Al día siguiente, al llegar donde los franceses, no encontró ni rastro de la “roulotte”. Les buscó inútilmente por toda la ciudad. Como llegaron se fueron: el mismo confuso desasosiego, la misma mezquina vehemencia e infecto entusiasmo que les trajo se los había llevado para siempre. Los Moreau pertenecían a esa clase de turistas que se sirven de la ilusión de los indígenas como de un puente para alcanzar el mito, que luego, cuando ya no necesitan, destruyen tras de sí.

Al caer la noche, Manolo regresó a su casa, completamente agotado, y se arrojó sobre la cama. No eran más que fantasmas: pero ese frustrado viaje a un lejano país, esa artificial luz de luna brillando en el pijama de la niña, esa falsa cita con el futuro, la emoción, el loco sueño de emigrar, el tacto de la seda y el dolor punzante quedaron en él y ahora, lo mismo que entonces, despertó del profundo sueño requerido por voces conocidas y amables que se empeñaban siempre en convencerle de los peligros que representa el desviarse del común camino de todos -esta vez no era sin embargo la voz plañidera y el rostro todavía bello de su madre acercándose, bajando sobre el suyo en un extremo del ángulo de la luz que entraba por la ventana de la chabola, diciéndole: “Despierta, hijo, mira, éste es tu nuevo padre” (apenas tuvo tiempo de ver, en escorzo, los cabellos llenos de brillantina y bien peinados y el perfil altanero del gitano) porque él estaba ya planeando huir a Barcelona en un tren de mercancías y refugiarse en casa de su hermano- era el rostro de una muchacha que sonreía en medio del estallido del sol, en el Parque Güell, pero que a pesar de la sonrisa ya de entrada anunciaba lo poco que podía ofrecer: un laborioso magreo dominical, y eso aún habría que verlo: Lola, y más atrás la Rosa y el Sans cargados con las bolsas de playa y la comida. Bernardo se sacudía la hierba pegada a los pantalones. Junto a él, las motos robadas. “Hola, perezoso -dijo la Lola con una mano en el escote de su vestido de verano, inclinada sobre su rostro, como si fuera a beber en sus facciones-. Que nos vamos a la playa. ¿Qué es eso de ponerse a dormir…?” Pero tal vez porque los ojos del muchacho reflejaban todavía la honda decepción de los recuerdos evocados, o porque estaba en esa edad en que el sueño en lugar de clavarle su garra en el rostro y deshacérselo todavía se lo embellecía más, igual que las borracheras se lo endulzaban con una dejadez infantil, la Lola captó algo en su mirada que debió asustarla y no le tendió la mano cuando él se la reclamó para que le ayudara a incorporarse. “Tanto peor”, se dijo él. Ya puesto en pie, exclamó algo en un catalán que nadie comprendió y luego lo primero que miró fueron las caderas de la Lola con ojos llenos de escepticismo. “En fin -murmuró-, larguémonos a la playa de una puñetera vez.”

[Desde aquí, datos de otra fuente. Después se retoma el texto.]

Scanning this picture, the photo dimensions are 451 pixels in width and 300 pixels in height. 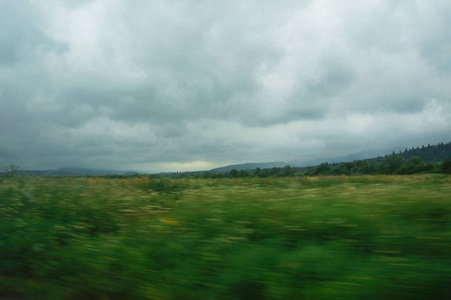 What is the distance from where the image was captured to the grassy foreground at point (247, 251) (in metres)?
3.11

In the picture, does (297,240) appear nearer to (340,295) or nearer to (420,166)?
(340,295)

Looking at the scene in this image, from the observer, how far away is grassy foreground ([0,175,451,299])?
10.2ft

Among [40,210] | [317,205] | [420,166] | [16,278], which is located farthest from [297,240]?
[420,166]

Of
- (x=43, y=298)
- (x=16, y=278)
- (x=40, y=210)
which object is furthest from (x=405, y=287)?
(x=40, y=210)

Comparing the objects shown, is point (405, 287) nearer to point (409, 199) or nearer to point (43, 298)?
point (409, 199)

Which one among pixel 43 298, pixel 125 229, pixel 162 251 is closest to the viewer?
pixel 43 298

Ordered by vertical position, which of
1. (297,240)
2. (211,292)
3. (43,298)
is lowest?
(43,298)

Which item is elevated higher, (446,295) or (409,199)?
(409,199)

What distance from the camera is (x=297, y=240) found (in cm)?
417

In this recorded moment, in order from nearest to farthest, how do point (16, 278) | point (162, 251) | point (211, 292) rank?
point (211, 292) → point (162, 251) → point (16, 278)

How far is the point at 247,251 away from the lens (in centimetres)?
389

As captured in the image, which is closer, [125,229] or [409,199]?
[409,199]

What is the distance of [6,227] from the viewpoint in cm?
600

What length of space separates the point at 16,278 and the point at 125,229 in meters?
1.79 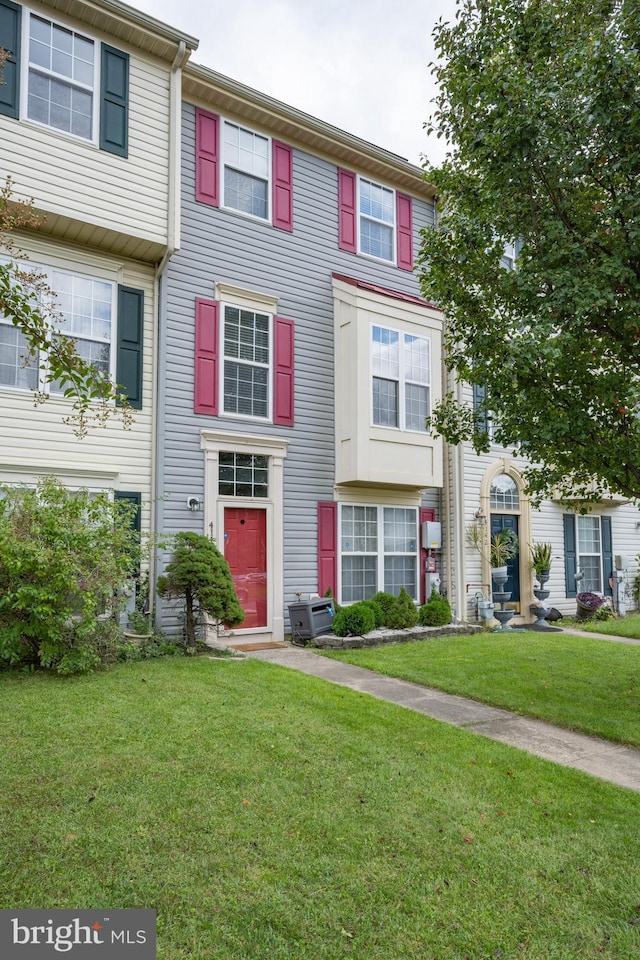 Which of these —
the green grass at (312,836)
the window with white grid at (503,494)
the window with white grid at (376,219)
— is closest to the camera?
the green grass at (312,836)

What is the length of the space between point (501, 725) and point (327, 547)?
547cm

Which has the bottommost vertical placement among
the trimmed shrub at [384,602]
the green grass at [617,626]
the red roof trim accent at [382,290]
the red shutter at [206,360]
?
the green grass at [617,626]

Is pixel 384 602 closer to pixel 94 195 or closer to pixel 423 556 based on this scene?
pixel 423 556

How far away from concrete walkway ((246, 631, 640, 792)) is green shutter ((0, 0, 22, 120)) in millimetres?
7866

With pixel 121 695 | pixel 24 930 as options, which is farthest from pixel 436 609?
pixel 24 930

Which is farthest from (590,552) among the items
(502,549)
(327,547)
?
(327,547)

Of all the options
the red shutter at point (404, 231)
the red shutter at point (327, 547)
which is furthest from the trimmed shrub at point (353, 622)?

Se amaban sobre el rumor de las olas

Un verano de tigres,

al acecho de un metro de piel fría,

al acecho de un ramo de inaccesible cutis.

Pablo Neruda

– Está amaneciendo, Manolo. Debes irte ya.

– Todavía no.

– Tengo miedo -insistía ella-. Es una imprudencia lo que hacemos, amor mío, una locura. Hay gente en la casa.

– Oye, bonita -decía él alegremente, atrayéndola hacia sí con los ojos clavados en el techo, más allá del techo- aquí, o jugamos todos o rompemos la baraja..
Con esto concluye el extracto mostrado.